Brief descriptive captions:
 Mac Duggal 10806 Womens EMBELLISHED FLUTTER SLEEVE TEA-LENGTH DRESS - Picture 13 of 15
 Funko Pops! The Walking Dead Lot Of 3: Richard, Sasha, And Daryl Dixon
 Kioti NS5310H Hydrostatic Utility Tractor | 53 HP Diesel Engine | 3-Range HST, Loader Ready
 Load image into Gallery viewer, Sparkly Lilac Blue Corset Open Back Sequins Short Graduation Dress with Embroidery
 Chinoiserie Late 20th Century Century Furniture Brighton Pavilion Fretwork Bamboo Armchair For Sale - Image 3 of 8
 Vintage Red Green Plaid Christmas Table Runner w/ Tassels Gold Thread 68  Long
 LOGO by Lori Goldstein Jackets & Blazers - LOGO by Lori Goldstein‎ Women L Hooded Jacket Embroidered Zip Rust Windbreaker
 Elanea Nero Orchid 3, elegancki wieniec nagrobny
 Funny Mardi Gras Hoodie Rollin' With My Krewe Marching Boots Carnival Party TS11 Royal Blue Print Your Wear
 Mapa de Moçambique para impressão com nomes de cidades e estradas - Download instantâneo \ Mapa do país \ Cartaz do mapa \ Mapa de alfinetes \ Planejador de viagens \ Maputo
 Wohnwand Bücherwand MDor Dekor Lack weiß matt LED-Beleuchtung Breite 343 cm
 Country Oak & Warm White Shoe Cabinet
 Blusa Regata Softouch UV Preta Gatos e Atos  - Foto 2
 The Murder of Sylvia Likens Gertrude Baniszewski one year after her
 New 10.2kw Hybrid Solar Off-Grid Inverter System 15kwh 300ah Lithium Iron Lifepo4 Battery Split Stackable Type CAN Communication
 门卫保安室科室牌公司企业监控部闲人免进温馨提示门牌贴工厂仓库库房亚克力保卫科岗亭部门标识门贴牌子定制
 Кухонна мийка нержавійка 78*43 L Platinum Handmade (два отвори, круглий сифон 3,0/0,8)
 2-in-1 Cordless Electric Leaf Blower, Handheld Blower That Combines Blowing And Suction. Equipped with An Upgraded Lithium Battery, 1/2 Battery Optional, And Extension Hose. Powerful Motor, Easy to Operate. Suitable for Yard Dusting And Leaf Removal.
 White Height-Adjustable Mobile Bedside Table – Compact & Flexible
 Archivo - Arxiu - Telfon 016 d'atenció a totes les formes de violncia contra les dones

### Exercise
Every line from the one that has "Mapa de Moçambique" down to the last line above must be written out exactly, with both ends included and nothing else.

### Answer space
 Mapa de Moçambique para impressão com nomes de cidades e estradas - Download instantâneo \ Mapa do país \ Cartaz do mapa \ Mapa de alfinetes \ Planejador de viagens \ Maputo
 Wohnwand Bücherwand MDor Dekor Lack weiß matt LED-Beleuchtung Breite 343 cm
 Country Oak & Warm White Shoe Cabinet
 Blusa Regata Softouch UV Preta Gatos e Atos  - Foto 2
 The Murder of Sylvia Likens Gertrude Baniszewski one year after her
 New 10.2kw Hybrid Solar Off-Grid Inverter System 15kwh 300ah Lithium Iron Lifepo4 Battery Split Stackable Type CAN Communication
 门卫保安室科室牌公司企业监控部闲人免进温馨提示门牌贴工厂仓库库房亚克力保卫科岗亭部门标识门贴牌子定制
 Кухонна мийка нержавійка 78*43 L Platinum Handmade (два отвори, круглий сифон 3,0/0,8)
 2-in-1 Cordless Electric Leaf Blower, Handheld Blower That Combines Blowing And Suction. Equipped with An Upgraded Lithium Battery, 1/2 Battery Optional, And Extension Hose. Powerful Motor, Easy to Operate. Suitable for Yard Dusting And Leaf Removal.
 White Height-Adjustable Mobile Bedside Table – Compact & Flexible
 Archivo - Arxiu - Telfon 016 d'atenció a totes les formes de violncia contra les dones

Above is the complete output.